● WORK INSTRUCTION:
Of all the lines below, return only those starting with the line holding "Chihuahua Tila billede 11" and going on through the line holding "-猫小院猫主题餐厅(南锣旗舰店)", exactly as written.

(EXCERPTED RECORDS)

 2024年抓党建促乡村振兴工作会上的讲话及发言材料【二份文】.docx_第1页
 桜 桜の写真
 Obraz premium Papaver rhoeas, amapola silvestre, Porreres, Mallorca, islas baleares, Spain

(End EXCERPTED RECORDS)
(EXCERPTED RECORDS)

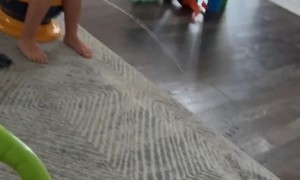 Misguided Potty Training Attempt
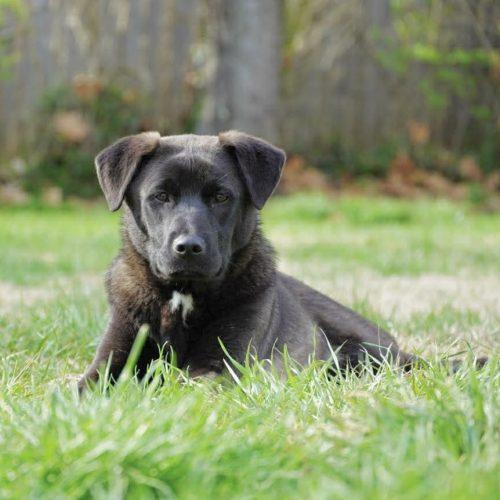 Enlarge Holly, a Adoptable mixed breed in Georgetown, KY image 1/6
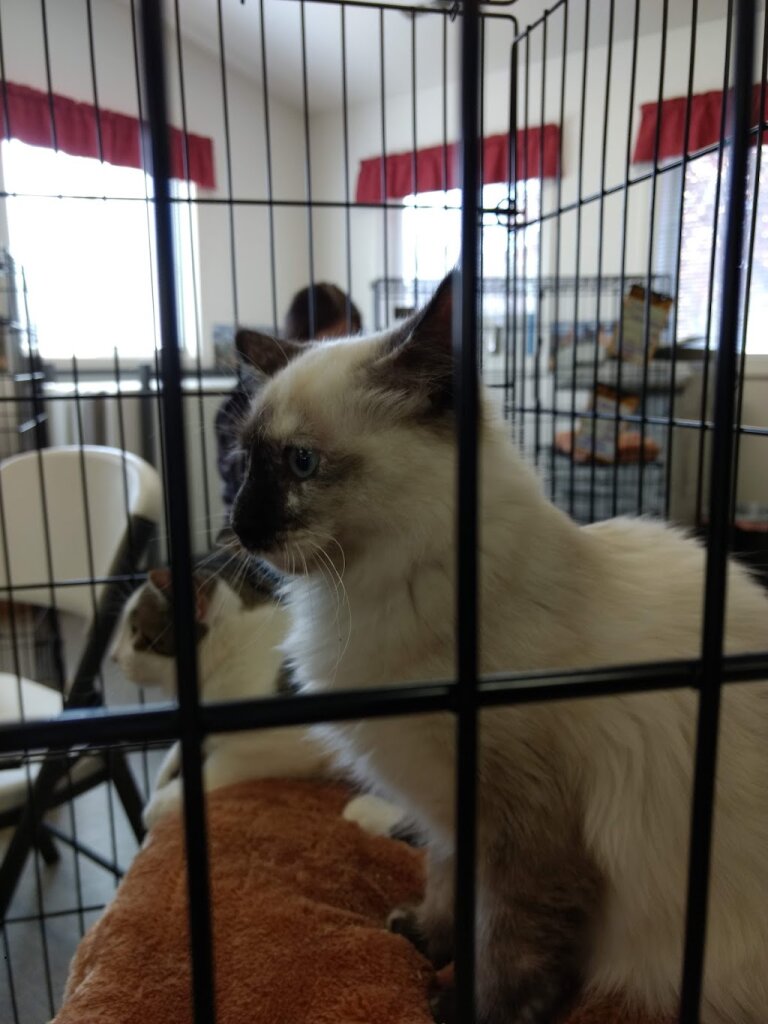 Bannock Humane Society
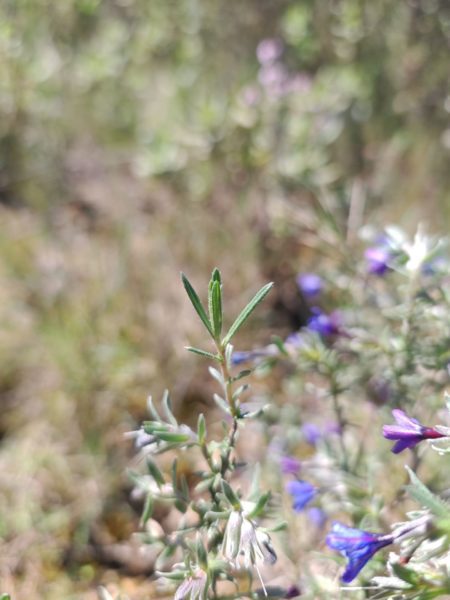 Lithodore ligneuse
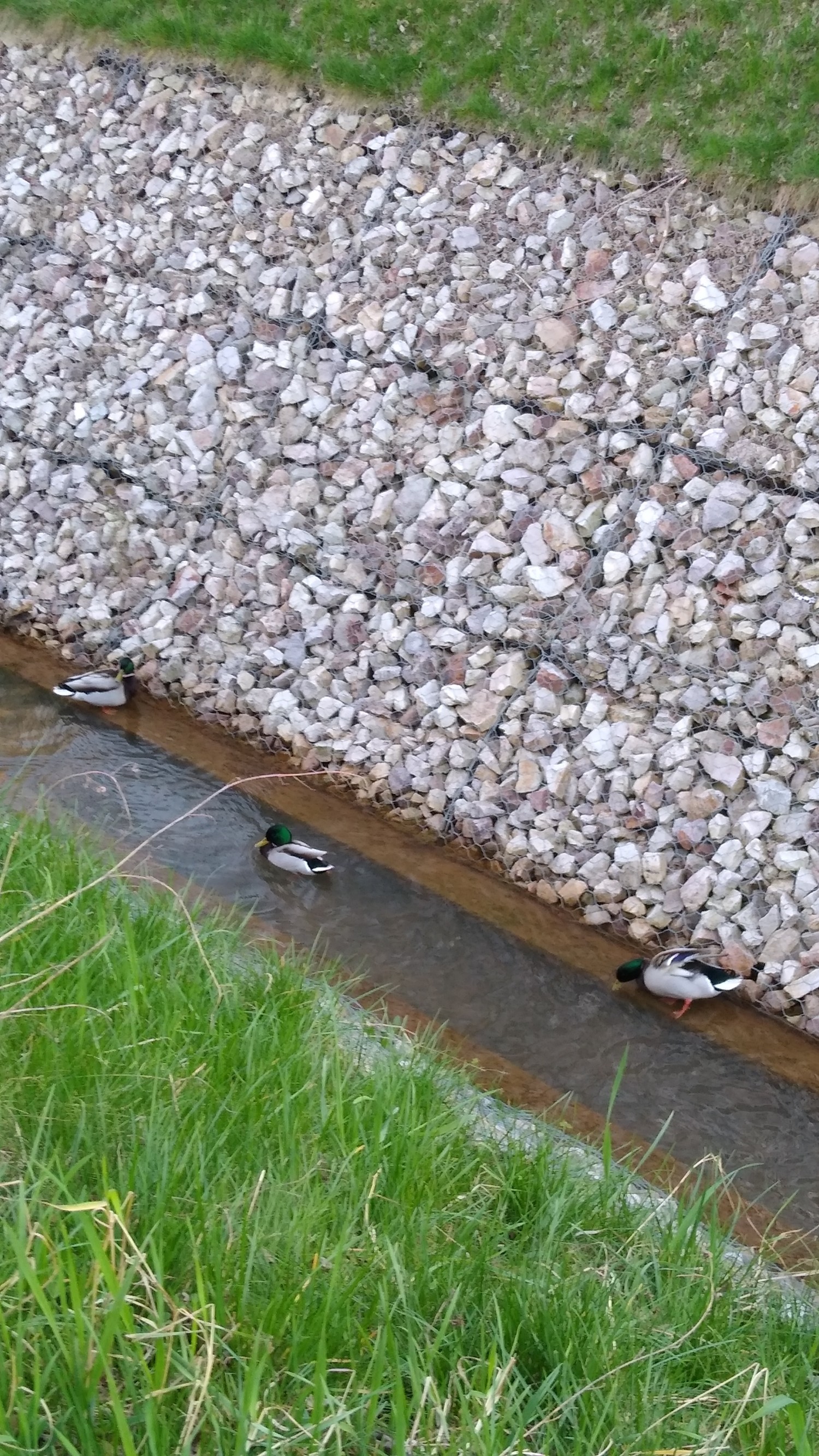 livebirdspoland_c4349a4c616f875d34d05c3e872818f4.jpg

(End EXCERPTED RECORDS)
(EXCERPTED RECORDS)

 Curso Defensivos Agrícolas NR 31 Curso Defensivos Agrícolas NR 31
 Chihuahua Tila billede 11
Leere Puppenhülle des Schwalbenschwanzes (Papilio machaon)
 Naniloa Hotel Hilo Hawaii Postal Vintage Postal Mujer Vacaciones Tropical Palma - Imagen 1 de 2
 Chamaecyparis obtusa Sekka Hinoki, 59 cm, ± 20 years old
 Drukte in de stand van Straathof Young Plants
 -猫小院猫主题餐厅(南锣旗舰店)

(End EXCERPTED RECORDS)

● EXERCISE RESPONSE:
 Chihuahua Tila billede 11
Leere Puppenhülle des Schwalbenschwanzes (Papilio machaon)
 Naniloa Hotel Hilo Hawaii Postal Vintage Postal Mujer Vacaciones Tropical Palma - Imagen 1 de 2
 Chamaecyparis obtusa Sekka Hinoki, 59 cm, ± 20 years old
 Drukte in de stand van Straathof Young Plants
 -猫小院猫主题餐厅(南锣旗舰店)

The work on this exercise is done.